Realistic water has always been a challenge for the effects artist. It’s just hard to get the scale looking right. It’s one thing building a convincing model of an ocean liner, for example, but it’s quite another creating a correctly-scaled ocean for it to steam through.

In James Cameron’s 1997 film Titanic, the problem was solved by comping a miniature ship into a digital sea. Back in 1958, the makers of A Night To Remember – an earlier film about the same maritime disaster – had no choice but to use real water. And nothing kills the scale of a miniature quicker than a seemingly gigantic water globule wobbling across the frame. The effects in A Night To Remember are good, but sadly a few such globules do make their inevitable appearance.

It’s just really hard to make a splash.

Over the years, artists have used many ways to avoid the curse of miniature water, like disrupting its with compressed air jets to create finer droplets. As with most miniatures, overcranking the camera makes a big difference. Others have experimented with additives: wallpaper paste to increase the water’s apparent density; paint to alter its colour and opacity; detergent to reduce its surface tension. Sometimes water was abandoned altogether. Need a distant waterfall? Why not use a stream of marble dust?

However the illusions were created, there’s no doubt that water effects have contributed to some of cinema’s more memorable scenes. Here are three of my personal favourites.

The Dam Busters - breaching the Mohne DamThe Dam Busters – destruction of the Möhne Dam

In Michael Anderson’s 1955 film The Dam Busters, a squadron of Avro Lancasters from RAF Bomber Command mounts a daring raid on the dams of the Ruhr. For the climactic attack sequences, enormous models were built of the dams and surrounding countryside. A moving camera created aerial views of the miniature reservoirs, which were filled with real water. Tricky stuff. But the shots of the explosions, in which the famous bouncing bombs creating huge plumes of spray, proved more tricky still.

The explosion shots were created optically, with footage of practical water plumes composited into the miniature scenes using hand-drawn traveling mattes. The results look either quaint or awesome, depending on your taste.
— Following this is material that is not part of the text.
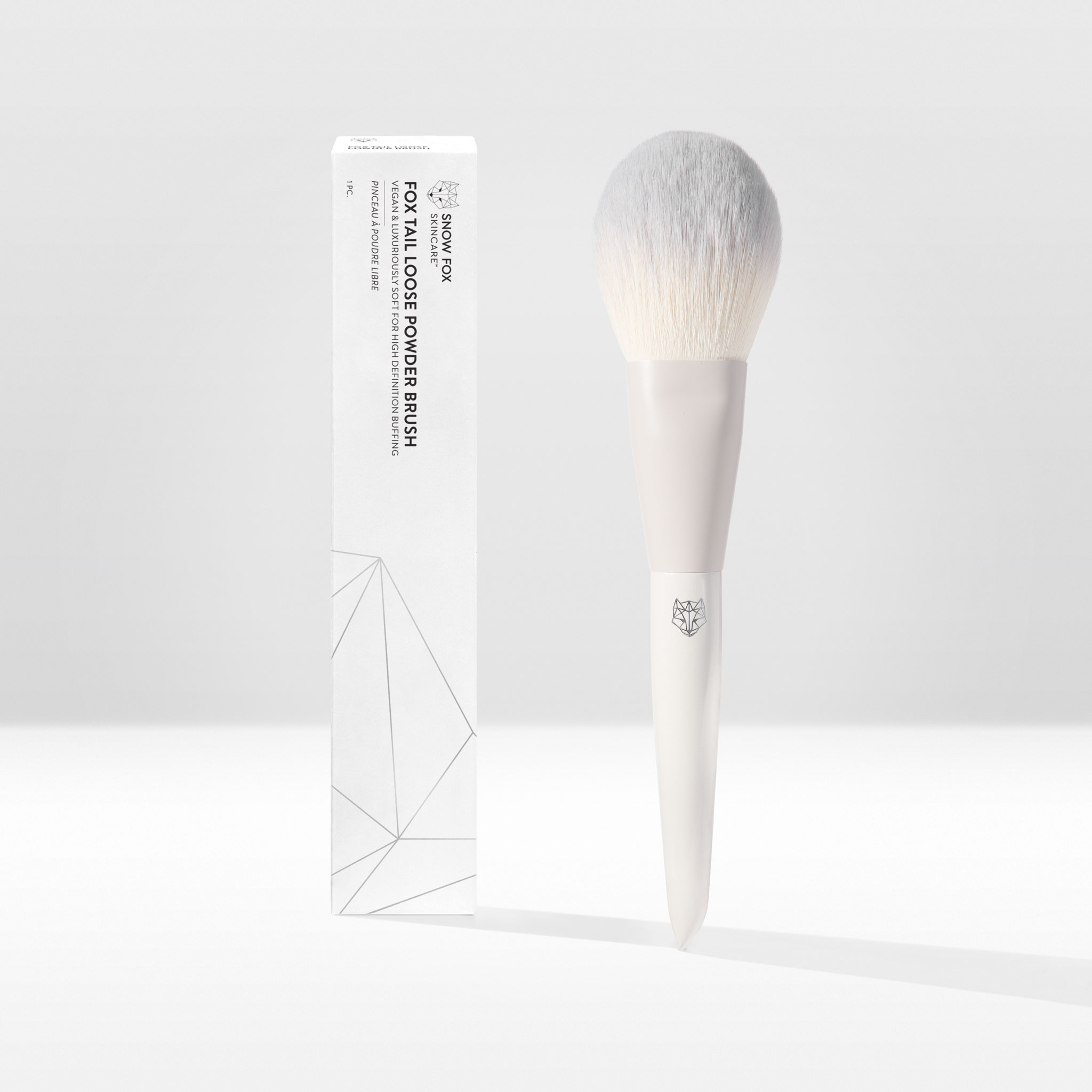 SNOW FOX Ultra-Soft Gradient Fox Tail Powder Brush｜EVA SKY SHOP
Personally I love their sheer ambition. Imagine the sweat on the brow of the poor rotoscope artist as he tries to track the movement of the camera by eye on an animation stand, while drawing frame by frame an articulated outline of a nebulous and constantly moving column of liquid and foam.

(For more about the effects of The Dam Busters, visit Peter Cook’s gold mine of old-school effects: Matte Shot – a tribute to Golden Era special fx.)

Indiana Jones and the Temple of Doom - mine floodIndiana Jones and the Temple of Doom – flooding the mineshafts

We’ve all been there. No sooner have you stopped a runaway mine cart using only the soles of your boots than you find your feet are on fire. What other option is there than to yell, “Water!”

When intrepid archaeologist Indiana Jones found himself in this precise predicament while escaping from the Temple of Doom, he got more than he bargained for – namely an almost Biblical wave of water pouring towards him through the flooded mine tunnels. For a shot where the water spirals through a tunnel, crossing over itself and causing an explosion of spray, Dennis Muren’s team at ILM fired water at an angle of 45° into a miniature set, using baffles to control its flow and operating the camera at between 80 and 120 frames per second.

The effect is spectacular, but Muren had no doubts about the challenge of scaling water. Here’s what he had to say in Robert P. Everett’s article on Indiana Jones and the Temple of Doom in Cinefex #18: “We looked into various ways of thinning water. I’d heard for years that there were ways to do it … but we sure couldn’t find them. So what we ended up doing was blasting tons of air at it from the front and from the sides … to break up the droplets. That seemed to do a pretty good job.”

Yeah, pretty good, I’d say.

(The digital edition of Cinefex #18 is available for iPad at the iTunes store.)

Cast Away - post-crash ocean swellCast Away – post-crash ocean swell

On its release in 2000, Robert Zemeckis’s survival story Cast Away was praised for its innovative use of invisible visual effects. Even today, the seamless integration of digital skies and seas still looks, well, seamless.

The shot I’m picking doesn’t quite fall into the “invisible” category. It comes at the end of the crash sequence, when Chuck Noland (Tom Hanks) lies sprawled on an inflatable life raft while the plane he was flying in sinks to the bottom of the Pacific. It’s night. There’s a storm. The shot starts close on Hanks, gradually craning up until the raft is a tiny mote riding on the back of a truly gigantic heaving ocean. And that’s all.

I love this shot for its perfect placement and pace after the harrowing crash scenes. It’s simultaneously peaceful and threatening. Analyse it, and you’ll discover you see very little. Lightning flashes on the flank of an enormous wave. The raft rides the swell. The sea is slowly revealed as not just immense, but vast beyond comprehension: an endlessly fluid and alien realm.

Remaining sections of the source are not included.